1 février 2024 – jeudi de la 4ème semaine du Temps Ordinaire

1 R 2, 1-4.10-12; Marc 6, 7-13 

H O M É L I E

            La première tentative de Jésus d’enseigner dans son propre village, au début de sa vie publique, se termina par un échec. À partir de ce moment-là Il ira porter son message sur les routes et les bourgs de Galilée puis de Judée. Dès lors Jésus se démarque très clairement du culte officiel et des autorités religieuses du peuple juif, pour adopter un style de vie et de prédication dans la ligne des prophètes de l'Ancien Testament et donc dans la ligne de Jean le Baptiste, dont il a assumé la tradition ascétique en se faisant baptiser par lui. C'est le même style de vie qu'il recommande à ses disciples lorsqu'il les envoie eux aussi dans les bourgs et les villages de la région.

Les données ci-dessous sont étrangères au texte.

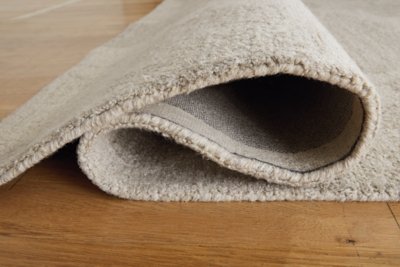 Chadess 8' x 10' Rug - Image 5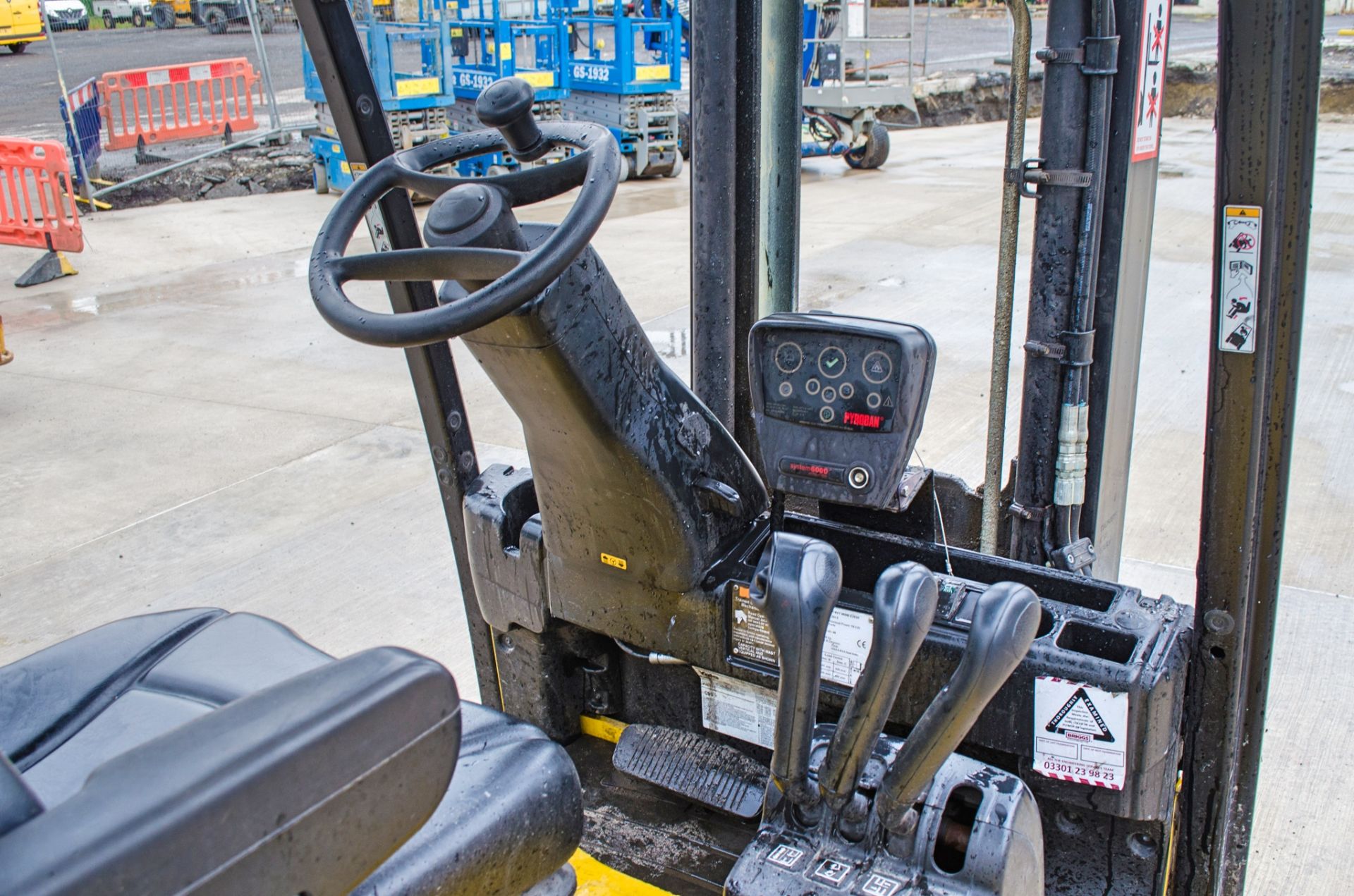 Yale ERP 18VT battery electric fork lift truck Year: 2013 S/N: 5445L Recorded Hours: c/w charger & - Image 12 of 16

            Lorsque nous lisons ce texte dans le contexte d'une assemblée monastique, il prend un sens tout à fait spécial. À l'époque du Christ existait à travers le Moyen Orient une tradition ascétique bien vivante, qui s'exprimait, entre autre, dans la pratique baptismale adoptée par Jean, et que Jésus assume. Cette tradition s'exprimait aussi dans la pratique des moines itinérants qui existait depuis déjà plusieurs siècles en Inde et ailleurs en Orient et dans le Moyen Orient. Le style de vie de ces moines itinérants correspondait à celui que Jésus prescrit à ses disciples : dépouillement absolu, comptant sur la solidarité universelle, sans besace pour accumuler quoi que ce soit, partage de la bonne parole, etc. Pas surprenant dès lors qu'en Palestine et en Syrie la première forme de vie monastique chrétienne, durant les premiers siècles, ait été une vie monastique itinérante à l'image de celle de Jésus et de ses Apôtres.

            Tout comme Jésus avait choisi ses Apôtres par groupes de deux (Marc 1, 16-21), c'est deux à deux qu'il les envoie. Est ainsi souligné le fait que la mission évangélique n'est pas une affaire privée, mais une responsabilité communautaire. De plus, est affirmée l'égalité de tous dans cette mission, aucun des deux envoyés n'étant subordonné à l'autre. Le fait de ne porter avec soi aucune nourriture et aucune somme d'argent, ni même aucun sac pour accumuler ce qu'on pourrait recevoir, n'est pas présenté ici comme une manifestation de pauvreté ou d'ascèse, mais plutôt comme une manifestation de confiance en l'homme et d'ouverture à la solidarité humaine. D'ailleurs les disciples ne sont pas invités à mendier, mais simplement à faire le bien en chassant les esprits mauvais, comptant sur la bonté et la solidarité de ceux qui voudront bien les recevoir. Ils ne se présenteront pas comme des "autorités" ayant droit à une récompense ou à un salaire, mais simplement comme des témoins de la bonté de Dieu, comptant sur la bonté des hommes.

            Dans ce récit de la mission des Douze, tel qu'on le lit en Marc, il n'est pas question de lieux précis où sont envoyés les apôtres, ni de limite de temps. Cela est présenté comme la mission des Apôtres, d'une façon générale. Et comme ils sont alors dans la Galilée des Nations, à la frontière du monde "païen", la mission n'est nullement limitée au monde juif.

            Jésus est venu apporter la vie en plénitude, libérant les prisonniers de leurs chaînes, les malades de leurs infirmités, les opprimés de leur esclavage. Un essai de transmettre son Message qui n'aurait aucune dimension politique ne serait décidément pas évangélique. Seuls peuvent se permettre cette parole ceux qui, comme Amos et les Douze n'ont d'autre possession à défendre que leur mission reçue de Dieu.